Going back to art – you mentioned your interest in Fluxus. But this movement was also incorporated into the capitalist economy, it was commodified, became a museum item...
That's recuperation. Things get recuperated and the struggle against the capitalist system has to change all the time. What is radical in one system becomes reactionary in another. What is revolutionary and radical, changes depending on every context. I don't have any problem with that, I just move on.
It just looks like most of the attempts to democratize the art world have failed...
Because the art world is an elite world. I always wanted to synthesize high and low culture, and create a middle. It's important to criticize the elitism of the art world and not just let it come and get on with it, although criticism is not necessarily always the most important thing. At the same time, you cannot just change everything and worry too much about everything, you have to get on and struggle where you can see a place to struggle. You have to let people live. But it's obviously useful to criticise the art world.

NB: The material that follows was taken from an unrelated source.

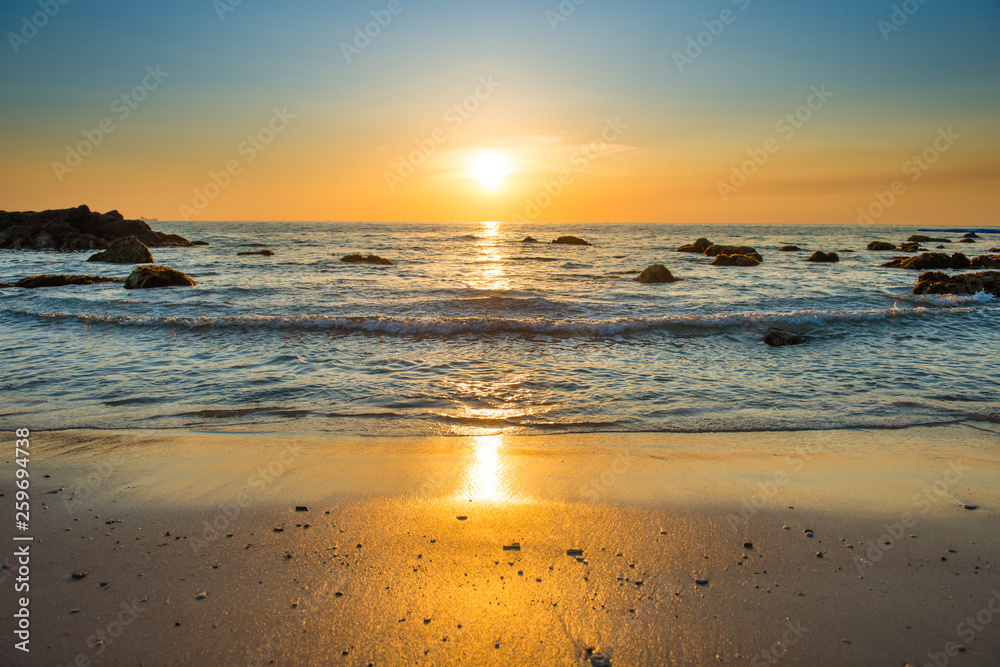 Beautiful colorful sunset landscape with sand beach, golden sun and stones at sea shore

For me Anthony Blunt is an establishment figure, and I can see that for you there's a bizarreness to his support of the Soviet system and his work as a spy. There's a guy I know called John Barker. In the 60s when he was in Cambridge, he formed a student group called "The Kim Philby Dining Club", named after another member of the Cambridge Five. Cambridge was a very stuffy institution and the appearance of such a group was very shocking and shook things up. But what made sense in that context, wouldn't have made sense in another. We wouldn't be hanging out in London doing things and decide that we were going to meet once a month and have a Kim Philby Dining Club, just because Kim Philby was some dude who supported Bolshevism.

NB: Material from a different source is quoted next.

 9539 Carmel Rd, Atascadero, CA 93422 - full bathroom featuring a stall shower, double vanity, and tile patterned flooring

With the art world you criticize something, you get people together and you can do whatever. You can even sell things to some collectors, although that’s not my obsession. But you have to survive in the capitalist economy. And maybe you can get some money to do what you want to do from some kind of funding somewhere. But what also happens with a lot of arts funding is that people want to do something and they end up altering it a little to get the funding, and then altering it all. So what point is there in altering what you want to do, just in order to get into the art system? And of course if you're always aware of what you're trying to do and what compromises you have to make to get it into a certain situation then you can make a judgement as to whether that's worth while, whereas if you're obsessed about getting into that situation then you may end up doing something that you don't want to do.
Have you ever thought about moving out of London?
It's hard to explain. Yesterday was the 30th anniversary of my mother's death. I was able to go to the flat where she died. I can wander around the West End and go to the clubs I went to when I was a teenager. It's about the social environment– you grew up speaking Lithuanian and there's an understanding between people from the place you come from, all the reference points. There's a sense of community.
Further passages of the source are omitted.